As the conflict enters its 417th day, we take a look at the main developments.
Fighting
Russia’s Wagner mercenary group has captured two more areas in Bakhmut, the city where fighting has been concentrated for months, Russia’s Ministry of Defence said.
The death toll rose in a Russian missile strike in another eastern Ukrainian city, Sloviansk. Eleven people are now confirmed dead and 21 wounded.

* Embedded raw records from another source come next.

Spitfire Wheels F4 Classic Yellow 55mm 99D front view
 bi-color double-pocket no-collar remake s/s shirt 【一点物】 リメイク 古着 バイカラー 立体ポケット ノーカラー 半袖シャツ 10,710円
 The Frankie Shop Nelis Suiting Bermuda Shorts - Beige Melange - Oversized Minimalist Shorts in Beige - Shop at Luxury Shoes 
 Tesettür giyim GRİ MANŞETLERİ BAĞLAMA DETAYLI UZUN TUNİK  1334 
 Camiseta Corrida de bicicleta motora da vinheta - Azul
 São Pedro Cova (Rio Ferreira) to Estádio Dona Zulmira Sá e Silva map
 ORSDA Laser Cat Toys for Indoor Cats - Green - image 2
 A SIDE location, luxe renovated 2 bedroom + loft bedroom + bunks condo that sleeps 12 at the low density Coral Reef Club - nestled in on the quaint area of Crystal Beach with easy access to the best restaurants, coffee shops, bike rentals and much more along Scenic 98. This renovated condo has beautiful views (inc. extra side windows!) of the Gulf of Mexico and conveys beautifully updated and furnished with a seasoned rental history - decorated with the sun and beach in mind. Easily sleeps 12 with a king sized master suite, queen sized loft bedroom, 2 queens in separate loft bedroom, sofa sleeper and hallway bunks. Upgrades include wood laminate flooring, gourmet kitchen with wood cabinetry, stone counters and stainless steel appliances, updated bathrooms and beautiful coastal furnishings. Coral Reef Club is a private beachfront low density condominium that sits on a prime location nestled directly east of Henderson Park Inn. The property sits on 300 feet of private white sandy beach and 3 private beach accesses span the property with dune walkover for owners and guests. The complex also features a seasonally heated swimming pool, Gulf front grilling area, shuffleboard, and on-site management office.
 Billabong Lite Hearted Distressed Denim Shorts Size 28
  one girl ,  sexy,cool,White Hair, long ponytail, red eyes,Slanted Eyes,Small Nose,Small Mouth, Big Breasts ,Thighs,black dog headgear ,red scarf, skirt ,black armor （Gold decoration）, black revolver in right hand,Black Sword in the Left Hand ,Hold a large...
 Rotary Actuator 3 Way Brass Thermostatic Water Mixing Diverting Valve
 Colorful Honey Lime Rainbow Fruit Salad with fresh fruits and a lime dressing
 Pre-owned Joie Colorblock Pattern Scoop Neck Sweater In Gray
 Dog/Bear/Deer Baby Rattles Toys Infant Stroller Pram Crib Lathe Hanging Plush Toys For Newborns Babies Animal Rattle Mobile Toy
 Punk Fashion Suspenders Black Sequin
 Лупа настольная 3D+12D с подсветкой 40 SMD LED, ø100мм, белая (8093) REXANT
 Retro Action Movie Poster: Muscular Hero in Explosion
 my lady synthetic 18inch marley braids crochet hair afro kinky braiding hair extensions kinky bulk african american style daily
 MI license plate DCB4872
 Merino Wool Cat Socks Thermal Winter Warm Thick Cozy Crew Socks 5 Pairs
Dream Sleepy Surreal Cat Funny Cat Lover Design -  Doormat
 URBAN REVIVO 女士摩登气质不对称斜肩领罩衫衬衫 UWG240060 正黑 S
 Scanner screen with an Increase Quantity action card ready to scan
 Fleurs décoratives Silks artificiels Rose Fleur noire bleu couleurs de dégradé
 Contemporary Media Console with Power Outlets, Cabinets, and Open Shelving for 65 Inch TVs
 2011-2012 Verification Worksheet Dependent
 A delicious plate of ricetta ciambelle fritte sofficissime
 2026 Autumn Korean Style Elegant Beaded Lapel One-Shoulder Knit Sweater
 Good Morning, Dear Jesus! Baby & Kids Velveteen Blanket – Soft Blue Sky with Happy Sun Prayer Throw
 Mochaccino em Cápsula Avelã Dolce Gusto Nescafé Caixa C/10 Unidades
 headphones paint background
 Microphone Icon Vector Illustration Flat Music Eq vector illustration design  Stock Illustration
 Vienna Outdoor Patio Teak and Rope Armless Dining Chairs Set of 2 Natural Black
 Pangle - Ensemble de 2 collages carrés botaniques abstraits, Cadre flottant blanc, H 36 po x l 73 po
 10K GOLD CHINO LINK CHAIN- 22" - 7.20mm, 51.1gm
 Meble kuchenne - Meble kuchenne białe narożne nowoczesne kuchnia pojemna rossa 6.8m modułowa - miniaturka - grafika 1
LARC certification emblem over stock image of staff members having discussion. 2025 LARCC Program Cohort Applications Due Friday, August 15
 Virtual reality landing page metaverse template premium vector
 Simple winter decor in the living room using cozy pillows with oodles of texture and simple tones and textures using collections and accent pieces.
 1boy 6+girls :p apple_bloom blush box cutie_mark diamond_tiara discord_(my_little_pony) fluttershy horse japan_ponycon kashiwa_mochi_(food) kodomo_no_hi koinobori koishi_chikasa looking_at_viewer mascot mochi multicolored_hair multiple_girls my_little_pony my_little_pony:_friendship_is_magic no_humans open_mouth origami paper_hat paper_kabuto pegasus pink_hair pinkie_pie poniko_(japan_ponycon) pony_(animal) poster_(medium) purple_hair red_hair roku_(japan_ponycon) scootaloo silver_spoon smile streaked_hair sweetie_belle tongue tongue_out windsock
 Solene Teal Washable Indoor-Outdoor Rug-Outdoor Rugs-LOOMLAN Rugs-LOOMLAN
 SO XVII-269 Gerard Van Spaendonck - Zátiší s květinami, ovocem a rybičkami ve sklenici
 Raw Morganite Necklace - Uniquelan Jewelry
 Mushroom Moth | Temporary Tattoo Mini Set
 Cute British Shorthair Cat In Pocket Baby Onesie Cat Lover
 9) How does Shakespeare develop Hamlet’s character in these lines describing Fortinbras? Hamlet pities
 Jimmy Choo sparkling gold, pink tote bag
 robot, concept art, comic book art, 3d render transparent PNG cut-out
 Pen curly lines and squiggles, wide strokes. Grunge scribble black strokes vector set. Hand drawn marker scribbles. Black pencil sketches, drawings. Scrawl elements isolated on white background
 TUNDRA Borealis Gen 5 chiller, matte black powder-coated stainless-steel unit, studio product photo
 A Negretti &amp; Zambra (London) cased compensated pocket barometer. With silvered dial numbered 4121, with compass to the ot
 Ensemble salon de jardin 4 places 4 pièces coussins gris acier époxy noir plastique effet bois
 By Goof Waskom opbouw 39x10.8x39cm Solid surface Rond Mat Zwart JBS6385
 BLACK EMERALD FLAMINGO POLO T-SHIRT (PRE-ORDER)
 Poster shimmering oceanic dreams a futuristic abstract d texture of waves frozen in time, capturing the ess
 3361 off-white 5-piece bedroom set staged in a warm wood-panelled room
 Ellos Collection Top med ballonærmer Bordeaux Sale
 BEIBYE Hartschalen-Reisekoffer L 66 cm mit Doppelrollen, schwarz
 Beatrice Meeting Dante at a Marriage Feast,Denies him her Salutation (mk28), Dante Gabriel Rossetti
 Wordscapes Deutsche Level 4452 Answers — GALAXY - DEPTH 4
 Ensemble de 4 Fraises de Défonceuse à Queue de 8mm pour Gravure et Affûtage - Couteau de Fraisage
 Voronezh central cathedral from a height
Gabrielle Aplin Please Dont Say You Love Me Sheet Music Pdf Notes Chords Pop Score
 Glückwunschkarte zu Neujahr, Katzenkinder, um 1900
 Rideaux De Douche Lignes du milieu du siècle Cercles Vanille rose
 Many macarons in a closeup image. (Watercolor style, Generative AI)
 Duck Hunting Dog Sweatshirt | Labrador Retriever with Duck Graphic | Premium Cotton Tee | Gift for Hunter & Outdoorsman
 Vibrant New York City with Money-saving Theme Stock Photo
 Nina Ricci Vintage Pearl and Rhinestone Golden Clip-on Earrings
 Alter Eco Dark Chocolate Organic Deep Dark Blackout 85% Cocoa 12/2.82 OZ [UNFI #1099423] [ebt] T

The missiles hit residential buildings on Friday, reducing parts of the apartment blocks to a tangled mess of metal and concrete.
Four people were killed and 10 wounded by Ukrainian shelling of a residential area in the Russian-controlled town of Yasynuvata, south of Sloviansk, the top Russian-installed official in the region said.
The Reuters news agency could not independently confirm the battlefield reports.
Russia’s regular spring military draft is proceeding as scheduled and there are no plans to send out mass electronic notices under a system just signed into law by President Vladimir Putin, a top official said.
Prisoners released
The Wagner Group sent at least 100 Ukrainian prisoners of war back to Ukrainian forces to celebrate Orthodox Easter, according to a video posted by the mercenary group’s founder, Yevgeny Prigozhin.
Economy
A new international economic support package of $115bn gives Ukraine more confidence that it could prevail in the war with Russia as expectations grow that the conflict could continue for longer than expected, Ukrainian Finance Minister Serhiy Marchenko told Reuters.
Poland and Hungary have decided to ban imports of grain and other food products from neighbouring Ukraine to protect their local farm sectors, the two governments said after a flood of supply depressed prices across the region.
Belarusian furniture company Swed House, which sells items intended to look like those made by the Swedish giant IKEA, opened its first store in Moscow to a mixed initial reaction from consumers.